Collected data entries
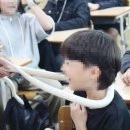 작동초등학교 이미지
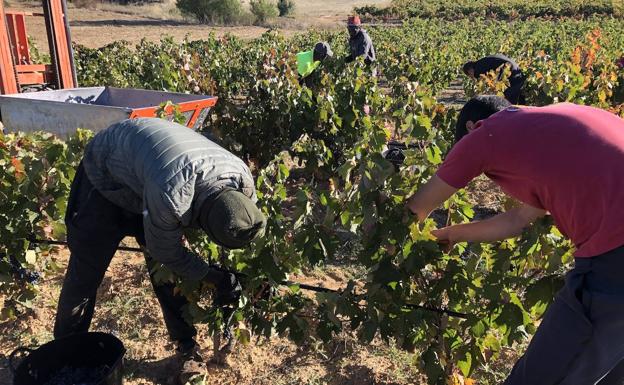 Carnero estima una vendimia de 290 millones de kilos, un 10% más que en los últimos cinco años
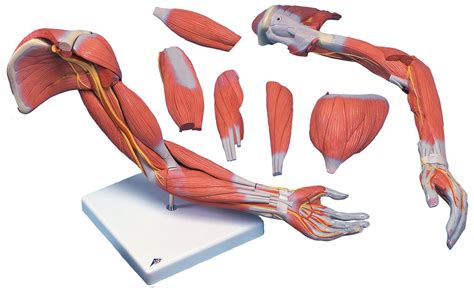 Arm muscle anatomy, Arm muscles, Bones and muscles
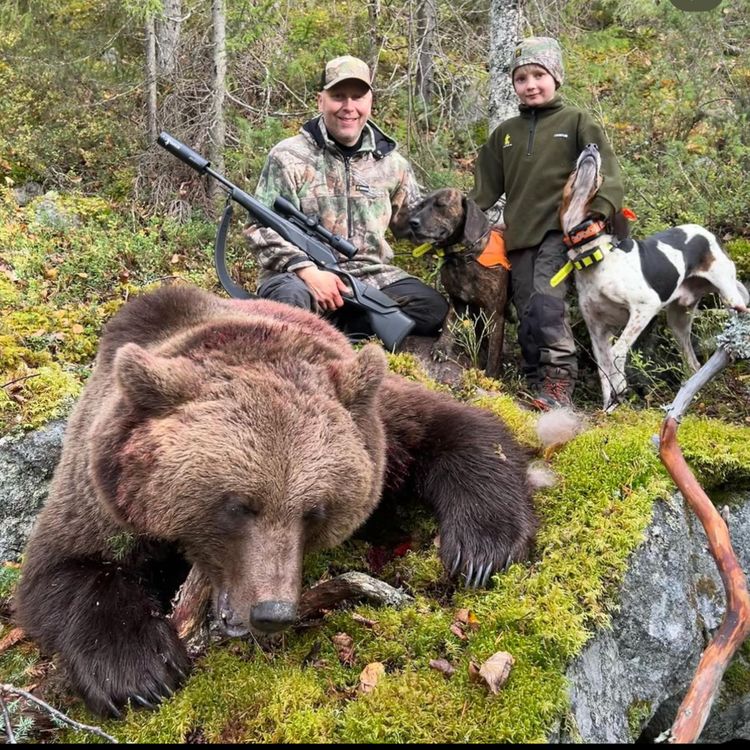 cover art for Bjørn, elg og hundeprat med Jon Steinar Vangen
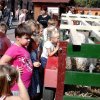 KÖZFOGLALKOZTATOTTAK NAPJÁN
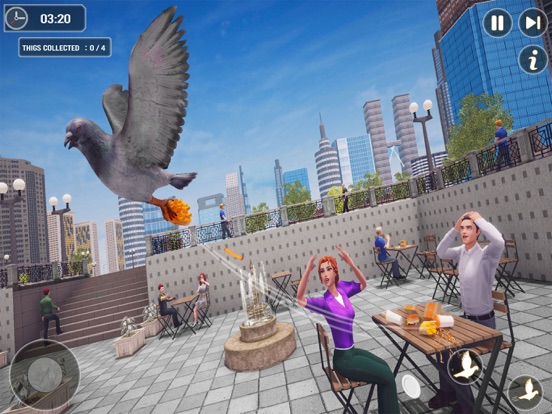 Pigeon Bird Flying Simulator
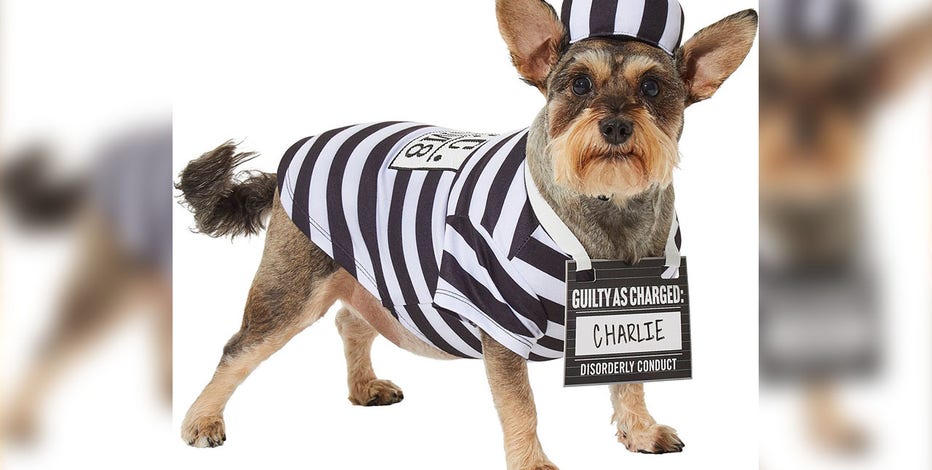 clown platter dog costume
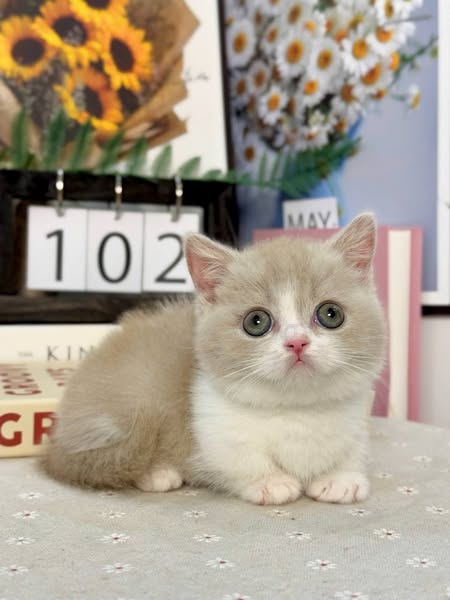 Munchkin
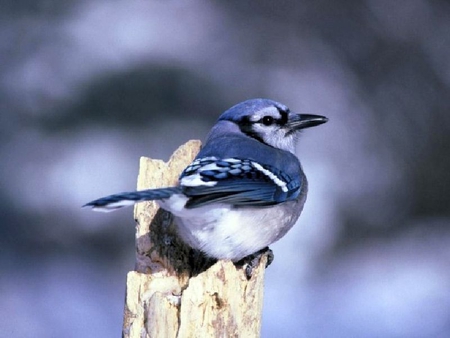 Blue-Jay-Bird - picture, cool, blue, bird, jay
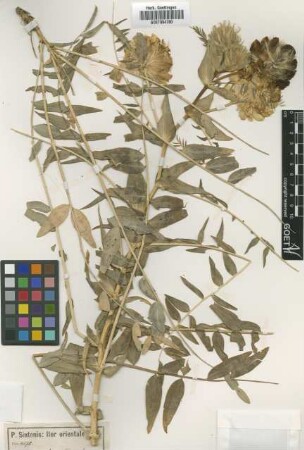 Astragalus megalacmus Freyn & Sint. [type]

→ Exercise aim
Leave the pictures out. Repeat every entry above exactly.

→ Written answer
 작동초등학교 이미지
 Carnero estima una vendimia de 290 millones de kilos, un 10% más que en los últimos cinco años
 Arm muscle anatomy, Arm muscles, Bones and muscles
 cover art for Bjørn, elg og hundeprat med Jon Steinar Vangen
 KÖZFOGLALKOZTATOTTAK NAPJÁN
 Pigeon Bird Flying Simulator
 clown platter dog costume
 Munchkin
 Blue-Jay-Bird - picture, cool, blue, bird, jay
 Astragalus megalacmus Freyn & Sint. [type]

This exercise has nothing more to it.